Hmm...there are quite a few choices for this one. Or, actually there are quite a few choices for the second slot. The first one can only be:
"Mad Man Moon", A Trick of the Tail (1976), Genesis
I scarcely know where to begin here. I bought the album basically blind in 2006 when I was in Chicago on a trip with the school choir, and I remember listening through it to see if I'd totally wasted my money. It took a while for the rest of it to grow on me (it's my favorite album of all time, actually), but "Mad Man Moon" captivated me immediately. Ever since then, it's been my undisputed favorite (non classical) song. This is one of those songs where the arrangement and performance are a huge part of the final effect. I've heard other people cover it (on YouTube) and they don't come close to doing it justice. I haven't had much better luck--it is ridiculously difficult to sing, even if the notes themselves aren't really that challenging. It's the delivery, the emotion, and the subtle restraint throughout that give the song so much meaning, IMO. In fact, it's a perfect example of how something fairly complex can sound a lot simpler than it actually is. It's also the song (actually the entire album, really) that taught me the true beauty of the Mellotron (just listen to those gorgeous sweeping strings).

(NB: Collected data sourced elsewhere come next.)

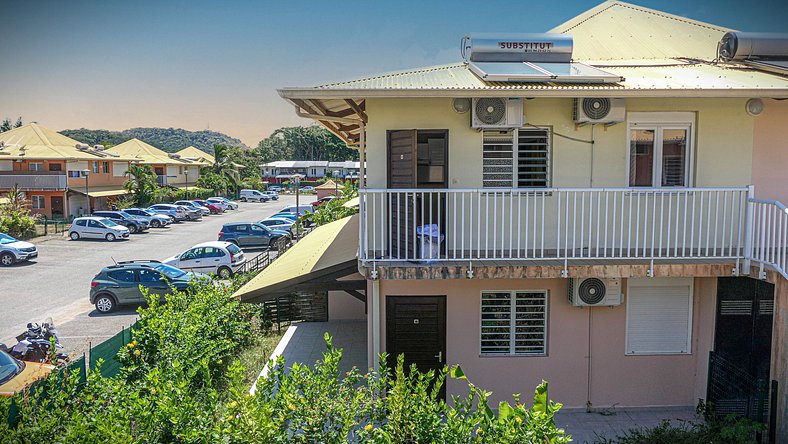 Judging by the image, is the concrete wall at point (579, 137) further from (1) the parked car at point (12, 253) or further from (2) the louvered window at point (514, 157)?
(1) the parked car at point (12, 253)

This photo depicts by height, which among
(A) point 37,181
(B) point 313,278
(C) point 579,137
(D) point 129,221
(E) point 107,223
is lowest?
(D) point 129,221

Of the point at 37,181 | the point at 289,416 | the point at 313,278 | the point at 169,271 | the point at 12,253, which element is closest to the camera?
the point at 289,416

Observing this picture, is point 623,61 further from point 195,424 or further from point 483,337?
point 195,424

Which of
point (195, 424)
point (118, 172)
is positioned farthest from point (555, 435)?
point (118, 172)

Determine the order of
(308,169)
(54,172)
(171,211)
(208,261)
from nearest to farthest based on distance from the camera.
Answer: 1. (208,261)
2. (54,172)
3. (171,211)
4. (308,169)

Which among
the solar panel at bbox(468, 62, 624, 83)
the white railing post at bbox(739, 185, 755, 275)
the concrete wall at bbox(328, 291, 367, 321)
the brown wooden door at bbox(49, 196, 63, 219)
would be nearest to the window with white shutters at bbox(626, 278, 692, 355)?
the white railing post at bbox(739, 185, 755, 275)

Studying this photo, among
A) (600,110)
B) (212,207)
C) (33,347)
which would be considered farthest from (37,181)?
(600,110)

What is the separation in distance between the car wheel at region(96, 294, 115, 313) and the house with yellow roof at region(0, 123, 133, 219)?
3259 cm

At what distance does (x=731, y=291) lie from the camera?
957cm

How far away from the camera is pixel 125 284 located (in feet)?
68.4

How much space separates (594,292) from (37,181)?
50.9 metres

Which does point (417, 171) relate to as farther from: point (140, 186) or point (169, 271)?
point (140, 186)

I don't even know exactly what it's about, and Tony Banks (the keyboardist for the group and the guy responsible for a lot of my favorites by them) has never explained it. I prefer it that way because I feel like it would ruin it if there was a hard and fast meaning. On the surface it sounds like a typical "grass is greener on the other side" type deal. But the music itself seems at odds with something so prosaic. It's pretty open ended, and what you get out of it might say a lot about you as a listener. I've interpreted it differently as time has passed. I don't want to prompt you--listen to it and see what you get out of it personally.
Oh, and if you end up being as taken with it as I am and actually want to purchase the song or the album, go for the 1994 remaster. The 2007 version is a total remix and, IMO, in sonic terms it's a brickwalled, mutilated disaster.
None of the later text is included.